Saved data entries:

────────────────────────────────────────

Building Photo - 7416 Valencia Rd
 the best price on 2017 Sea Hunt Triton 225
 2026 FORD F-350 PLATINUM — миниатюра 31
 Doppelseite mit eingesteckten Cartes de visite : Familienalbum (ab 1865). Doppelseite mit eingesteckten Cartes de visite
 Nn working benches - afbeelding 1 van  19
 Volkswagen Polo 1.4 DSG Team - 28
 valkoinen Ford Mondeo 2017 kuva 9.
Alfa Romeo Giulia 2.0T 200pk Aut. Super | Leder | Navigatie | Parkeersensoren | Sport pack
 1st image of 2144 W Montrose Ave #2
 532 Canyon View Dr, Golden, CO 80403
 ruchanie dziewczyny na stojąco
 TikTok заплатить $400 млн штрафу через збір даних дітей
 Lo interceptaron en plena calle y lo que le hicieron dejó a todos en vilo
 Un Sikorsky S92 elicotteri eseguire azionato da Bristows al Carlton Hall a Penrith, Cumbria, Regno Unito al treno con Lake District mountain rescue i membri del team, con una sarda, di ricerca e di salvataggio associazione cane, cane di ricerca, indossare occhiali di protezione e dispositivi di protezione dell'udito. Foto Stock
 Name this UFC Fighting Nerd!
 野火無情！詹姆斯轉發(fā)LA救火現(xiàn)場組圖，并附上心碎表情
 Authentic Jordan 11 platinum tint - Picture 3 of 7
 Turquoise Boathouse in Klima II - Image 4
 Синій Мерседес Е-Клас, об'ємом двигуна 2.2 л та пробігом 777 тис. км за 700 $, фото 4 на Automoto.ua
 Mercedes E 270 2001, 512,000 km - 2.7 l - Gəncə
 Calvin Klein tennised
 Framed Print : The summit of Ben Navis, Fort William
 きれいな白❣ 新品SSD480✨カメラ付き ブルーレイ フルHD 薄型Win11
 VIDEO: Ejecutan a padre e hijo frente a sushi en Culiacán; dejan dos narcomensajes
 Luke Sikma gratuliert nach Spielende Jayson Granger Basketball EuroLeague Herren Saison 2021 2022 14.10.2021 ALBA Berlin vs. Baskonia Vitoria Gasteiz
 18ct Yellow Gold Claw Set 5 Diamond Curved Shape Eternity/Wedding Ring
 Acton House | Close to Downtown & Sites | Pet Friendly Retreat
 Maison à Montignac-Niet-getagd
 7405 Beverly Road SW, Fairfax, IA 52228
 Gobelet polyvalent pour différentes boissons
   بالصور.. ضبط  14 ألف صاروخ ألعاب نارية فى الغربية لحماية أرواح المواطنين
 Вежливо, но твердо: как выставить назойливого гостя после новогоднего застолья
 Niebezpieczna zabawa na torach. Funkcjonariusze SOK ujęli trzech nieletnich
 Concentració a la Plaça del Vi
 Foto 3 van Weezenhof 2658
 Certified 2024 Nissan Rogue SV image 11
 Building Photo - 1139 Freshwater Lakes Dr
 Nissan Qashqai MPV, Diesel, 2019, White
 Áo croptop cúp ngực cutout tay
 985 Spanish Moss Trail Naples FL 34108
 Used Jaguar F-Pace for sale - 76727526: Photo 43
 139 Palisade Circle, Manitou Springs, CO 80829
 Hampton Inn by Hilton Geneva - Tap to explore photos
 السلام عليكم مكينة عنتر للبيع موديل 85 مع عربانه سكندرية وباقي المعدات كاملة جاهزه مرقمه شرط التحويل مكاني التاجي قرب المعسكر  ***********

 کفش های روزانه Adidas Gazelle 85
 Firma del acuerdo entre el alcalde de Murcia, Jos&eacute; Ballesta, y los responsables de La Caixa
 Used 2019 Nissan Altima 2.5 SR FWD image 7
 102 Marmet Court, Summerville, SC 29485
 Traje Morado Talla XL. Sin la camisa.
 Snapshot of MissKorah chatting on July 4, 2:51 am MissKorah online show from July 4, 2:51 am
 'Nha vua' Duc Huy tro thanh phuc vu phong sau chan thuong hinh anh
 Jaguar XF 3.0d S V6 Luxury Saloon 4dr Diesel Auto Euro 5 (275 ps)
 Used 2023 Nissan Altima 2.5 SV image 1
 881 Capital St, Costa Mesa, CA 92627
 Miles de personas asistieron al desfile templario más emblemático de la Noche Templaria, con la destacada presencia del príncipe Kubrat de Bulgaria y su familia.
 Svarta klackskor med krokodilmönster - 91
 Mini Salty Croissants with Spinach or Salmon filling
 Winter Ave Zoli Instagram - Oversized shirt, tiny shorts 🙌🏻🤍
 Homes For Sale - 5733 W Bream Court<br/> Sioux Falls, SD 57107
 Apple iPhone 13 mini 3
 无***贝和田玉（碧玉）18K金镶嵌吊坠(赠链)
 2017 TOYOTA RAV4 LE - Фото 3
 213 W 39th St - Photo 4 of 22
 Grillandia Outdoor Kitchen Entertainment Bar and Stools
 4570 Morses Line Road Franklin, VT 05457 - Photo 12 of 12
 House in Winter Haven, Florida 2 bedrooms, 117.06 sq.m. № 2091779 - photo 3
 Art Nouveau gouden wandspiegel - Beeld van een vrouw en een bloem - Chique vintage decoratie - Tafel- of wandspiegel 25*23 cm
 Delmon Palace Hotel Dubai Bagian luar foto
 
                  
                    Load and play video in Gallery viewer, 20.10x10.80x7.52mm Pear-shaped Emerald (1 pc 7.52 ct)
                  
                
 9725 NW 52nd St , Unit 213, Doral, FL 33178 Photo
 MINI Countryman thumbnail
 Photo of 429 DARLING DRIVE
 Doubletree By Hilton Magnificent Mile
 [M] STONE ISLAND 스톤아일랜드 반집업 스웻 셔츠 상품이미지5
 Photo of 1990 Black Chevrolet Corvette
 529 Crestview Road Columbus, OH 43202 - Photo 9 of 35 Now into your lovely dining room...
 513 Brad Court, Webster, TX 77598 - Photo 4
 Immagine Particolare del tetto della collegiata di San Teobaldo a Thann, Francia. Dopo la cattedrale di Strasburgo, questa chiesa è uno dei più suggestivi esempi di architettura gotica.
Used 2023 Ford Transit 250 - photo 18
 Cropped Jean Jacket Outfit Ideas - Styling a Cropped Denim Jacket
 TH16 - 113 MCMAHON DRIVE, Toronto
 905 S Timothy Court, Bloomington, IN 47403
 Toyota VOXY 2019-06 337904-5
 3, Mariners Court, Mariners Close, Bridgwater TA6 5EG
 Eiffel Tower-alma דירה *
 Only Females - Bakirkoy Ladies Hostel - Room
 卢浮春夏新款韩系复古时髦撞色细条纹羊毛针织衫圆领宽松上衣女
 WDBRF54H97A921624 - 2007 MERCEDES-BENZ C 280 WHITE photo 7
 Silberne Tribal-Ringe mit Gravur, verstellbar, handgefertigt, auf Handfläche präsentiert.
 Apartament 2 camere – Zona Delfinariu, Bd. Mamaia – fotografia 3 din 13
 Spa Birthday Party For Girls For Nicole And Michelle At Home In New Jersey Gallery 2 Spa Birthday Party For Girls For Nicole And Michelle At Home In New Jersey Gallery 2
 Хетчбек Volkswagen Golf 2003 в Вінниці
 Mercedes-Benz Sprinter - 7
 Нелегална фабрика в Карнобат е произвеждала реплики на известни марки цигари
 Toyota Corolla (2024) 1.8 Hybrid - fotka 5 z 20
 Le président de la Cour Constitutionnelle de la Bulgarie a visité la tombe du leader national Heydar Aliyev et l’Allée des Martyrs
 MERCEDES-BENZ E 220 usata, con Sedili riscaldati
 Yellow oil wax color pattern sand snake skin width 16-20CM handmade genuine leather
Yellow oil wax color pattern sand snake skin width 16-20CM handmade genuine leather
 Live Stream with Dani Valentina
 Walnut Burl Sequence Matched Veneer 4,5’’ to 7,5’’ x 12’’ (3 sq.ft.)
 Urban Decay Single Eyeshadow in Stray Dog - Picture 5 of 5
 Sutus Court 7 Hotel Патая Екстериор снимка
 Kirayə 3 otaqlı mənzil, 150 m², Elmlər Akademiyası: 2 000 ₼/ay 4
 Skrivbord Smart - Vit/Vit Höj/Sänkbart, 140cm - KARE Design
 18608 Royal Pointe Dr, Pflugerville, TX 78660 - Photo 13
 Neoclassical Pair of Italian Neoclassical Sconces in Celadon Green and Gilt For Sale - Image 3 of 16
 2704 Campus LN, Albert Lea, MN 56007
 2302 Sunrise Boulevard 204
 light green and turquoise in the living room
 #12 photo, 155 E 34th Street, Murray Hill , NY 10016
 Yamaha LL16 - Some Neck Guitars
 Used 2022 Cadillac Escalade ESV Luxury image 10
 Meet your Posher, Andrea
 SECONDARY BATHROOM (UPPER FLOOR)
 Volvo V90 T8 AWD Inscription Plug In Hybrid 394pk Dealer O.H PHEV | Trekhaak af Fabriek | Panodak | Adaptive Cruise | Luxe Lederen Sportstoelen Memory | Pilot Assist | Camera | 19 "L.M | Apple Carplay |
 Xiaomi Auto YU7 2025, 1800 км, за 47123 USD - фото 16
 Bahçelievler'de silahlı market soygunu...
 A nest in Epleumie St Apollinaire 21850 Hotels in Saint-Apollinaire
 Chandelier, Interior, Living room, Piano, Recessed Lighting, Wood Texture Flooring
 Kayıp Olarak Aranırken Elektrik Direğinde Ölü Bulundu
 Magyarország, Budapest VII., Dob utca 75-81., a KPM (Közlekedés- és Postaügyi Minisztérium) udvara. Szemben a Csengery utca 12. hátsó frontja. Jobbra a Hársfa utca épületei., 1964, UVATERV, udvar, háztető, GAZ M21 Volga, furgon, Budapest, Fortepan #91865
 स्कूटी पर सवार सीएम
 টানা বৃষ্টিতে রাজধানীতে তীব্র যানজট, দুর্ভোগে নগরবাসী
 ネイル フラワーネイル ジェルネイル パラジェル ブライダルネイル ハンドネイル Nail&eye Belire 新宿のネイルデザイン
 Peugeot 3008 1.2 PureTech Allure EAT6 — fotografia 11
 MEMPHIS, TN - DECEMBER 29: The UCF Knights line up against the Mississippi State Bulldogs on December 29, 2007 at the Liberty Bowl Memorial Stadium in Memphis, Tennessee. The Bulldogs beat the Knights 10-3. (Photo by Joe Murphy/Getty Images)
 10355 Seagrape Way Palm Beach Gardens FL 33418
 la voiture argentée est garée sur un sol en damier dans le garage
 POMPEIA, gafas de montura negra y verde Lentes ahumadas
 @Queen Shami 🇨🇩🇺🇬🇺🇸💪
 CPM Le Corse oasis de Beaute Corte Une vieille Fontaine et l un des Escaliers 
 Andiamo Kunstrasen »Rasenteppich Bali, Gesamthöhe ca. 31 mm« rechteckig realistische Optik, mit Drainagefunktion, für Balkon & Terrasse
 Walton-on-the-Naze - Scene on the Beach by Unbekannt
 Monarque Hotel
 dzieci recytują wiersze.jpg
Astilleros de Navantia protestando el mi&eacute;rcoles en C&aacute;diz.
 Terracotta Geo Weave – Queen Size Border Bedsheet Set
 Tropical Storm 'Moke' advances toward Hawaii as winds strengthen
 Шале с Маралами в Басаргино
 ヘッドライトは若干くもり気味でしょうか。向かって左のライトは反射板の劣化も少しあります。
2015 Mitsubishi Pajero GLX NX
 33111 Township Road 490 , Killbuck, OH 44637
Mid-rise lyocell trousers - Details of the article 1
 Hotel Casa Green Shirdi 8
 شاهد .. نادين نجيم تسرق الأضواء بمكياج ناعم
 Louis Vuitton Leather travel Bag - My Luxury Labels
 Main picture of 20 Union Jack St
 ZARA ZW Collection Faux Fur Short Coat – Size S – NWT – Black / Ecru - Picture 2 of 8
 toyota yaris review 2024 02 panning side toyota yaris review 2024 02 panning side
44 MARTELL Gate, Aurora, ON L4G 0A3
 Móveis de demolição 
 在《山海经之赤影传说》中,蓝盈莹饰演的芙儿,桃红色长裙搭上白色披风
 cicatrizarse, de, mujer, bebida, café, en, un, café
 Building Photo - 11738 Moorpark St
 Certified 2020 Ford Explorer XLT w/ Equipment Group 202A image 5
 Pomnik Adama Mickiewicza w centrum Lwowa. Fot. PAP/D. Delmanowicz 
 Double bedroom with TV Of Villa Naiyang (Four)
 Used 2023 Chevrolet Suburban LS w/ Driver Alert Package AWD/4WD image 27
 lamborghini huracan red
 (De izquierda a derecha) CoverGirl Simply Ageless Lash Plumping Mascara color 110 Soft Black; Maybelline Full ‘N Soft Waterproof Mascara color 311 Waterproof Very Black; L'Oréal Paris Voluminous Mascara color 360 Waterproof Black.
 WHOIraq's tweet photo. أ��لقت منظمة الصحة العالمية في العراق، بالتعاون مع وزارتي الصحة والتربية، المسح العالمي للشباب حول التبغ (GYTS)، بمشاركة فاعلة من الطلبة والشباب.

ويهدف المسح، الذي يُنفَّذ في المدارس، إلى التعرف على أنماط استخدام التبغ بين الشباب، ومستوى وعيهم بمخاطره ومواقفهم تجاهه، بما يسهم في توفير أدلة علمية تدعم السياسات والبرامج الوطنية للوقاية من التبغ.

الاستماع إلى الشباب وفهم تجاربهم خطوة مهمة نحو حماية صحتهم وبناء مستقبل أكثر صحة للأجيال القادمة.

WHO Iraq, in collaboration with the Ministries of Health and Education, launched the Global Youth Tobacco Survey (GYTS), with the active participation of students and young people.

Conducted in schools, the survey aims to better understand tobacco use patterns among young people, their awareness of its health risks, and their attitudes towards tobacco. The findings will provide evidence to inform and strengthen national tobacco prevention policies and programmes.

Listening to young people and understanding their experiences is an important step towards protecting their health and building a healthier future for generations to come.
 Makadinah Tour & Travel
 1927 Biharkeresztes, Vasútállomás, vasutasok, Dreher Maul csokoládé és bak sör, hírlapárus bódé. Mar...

────────────────────────────────────────

▶ Task to carry out
Using the records above, copy word for word the line with "Niebezpieczna zabawa na", the line with "139 Palisade Circle, Manitou", and every line between them.

▶ Answer
 Niebezpieczna zabawa na torach. Funkcjonariusze SOK ujęli trzech nieletnich
 Concentració a la Plaça del Vi
 Foto 3 van Weezenhof 2658
 Certified 2024 Nissan Rogue SV image 11
 Building Photo - 1139 Freshwater Lakes Dr
 Nissan Qashqai MPV, Diesel, 2019, White
 Áo croptop cúp ngực cutout tay
 985 Spanish Moss Trail Naples FL 34108
 Used Jaguar F-Pace for sale - 76727526: Photo 43
 139 Palisade Circle, Manitou Springs, CO 80829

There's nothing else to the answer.